T.H. - Mulheres destruídas pelo poder divino?
D. B. - Eram usadas e destruídas, pura e simplesmente. Eram ignoradas, encaradas como objectos. Mas não creio ter sido o poder divino a aniquilá-las, antes a interpretação que os homens fazem do divino. Apesar de tudo eram mulheres fortes.
T.H. - Mulheres fortes ou invisíveis?
D. B. - Fortes e invisíveis! Mas, provavelmente, essa é uma projecção que faço. Sei apenas que tentei dar um retrato de certo modo realista, de como era a vida naquele tempo, de como seriam as mulheres de então.
T.H. - Seres a quem Deus nunca fala?
D. B. - Deus só fala às profetisas, com Débora. A verdade é que no Velho Testamento, de uma maneira geral, Deus não fala às mulheres. Nem sequer a Sara...

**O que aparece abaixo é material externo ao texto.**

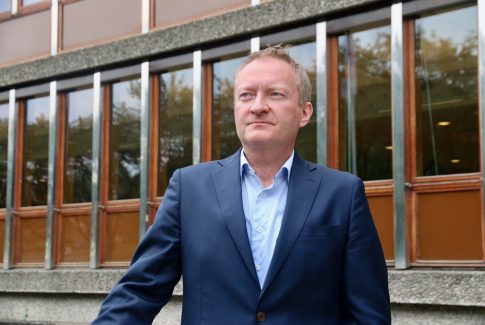 CARSTEN STIG JENSEN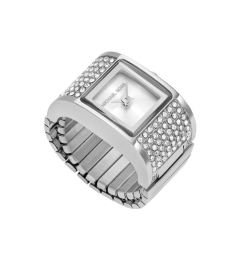 Снимка на Michael Kors Часовник Darrington  MK4884 Сребрист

T.H. - Quando escreveu estas histórias, sentia-se uma cronista ou uma ficcionista?
D. B. - Procurei ser uma cronista. Gosto de escrever textos históricos, mesmo quando os transformo em aventuras.
T.H. - Neste caso, não há um olhar moderno, trocado por um olhar magoado?
D. B. - Só o leitor pode responder a essa pergunta. A única coisa que sei, é que sempre me afligiu a condição da mulher, em todos os tempos. Na época que refiro, eram meros objectos de troca, de venda. Continuam a sê-lo, em muitos lugares no mundo.
T.H. - Estes histórias foram imaginadas a partir da visão das mulheres?
D. B. - Nunca me demoro muito a imaginar uma história, a história conta-se-me, e é isso que me fascina na escrita. Contudo, tentei pôr-me na pele de cada uma dessas mulheres.
T.H. - Não põe em confronto o poderoso universo masculino com o universo intimista feminino?
D. B. - Ponho em quase todas as histórias. Referindo um certo poder ínvio, que as mulheres se vêem obrigadas a usar.
T.H. - Um poder sempre marginal?
D. B. - Sempre! E foi isso que pretendi denunciar, mostrando muita coisa que tem andado tapada.
T.H. - Tal como a pedofilia, tolerada no Antigo Testamento?
D. B. - Precisamente! Repare naqueles velhos todos, casados com crianças de nove, 11, 12 anos! Bem sei que, então, elas faziam-se mulheres mais cedo, mas mesmo assim, é revoltante! No Corão, Maomé, por exemplo, casa com uma miúda de seis anos e consuma o casamento quando ela tem nove, vem lá escrito!
T.H. - E também vem lá a mutilação sexual?
D. B. - Li vezes sem conta o Velho Testamento e não encontrei nenhuma mutilação sexual, embora nele as mulheres sejam maltratadas. Foi uma horrenda invenção ou interpretação posterior.
T.H. - Porque não escreveu sobre as mulheres do Novo Testamento?
D. B. - Preferi as mulheres do Antigo Testamento pela violência que pesa sobre elas. Por isso, eu não gosto nada do Antigo Testamento! Acho mesmo que é um livro de maus exemplos! Tem todos os defeitos e muito poucas virtudes.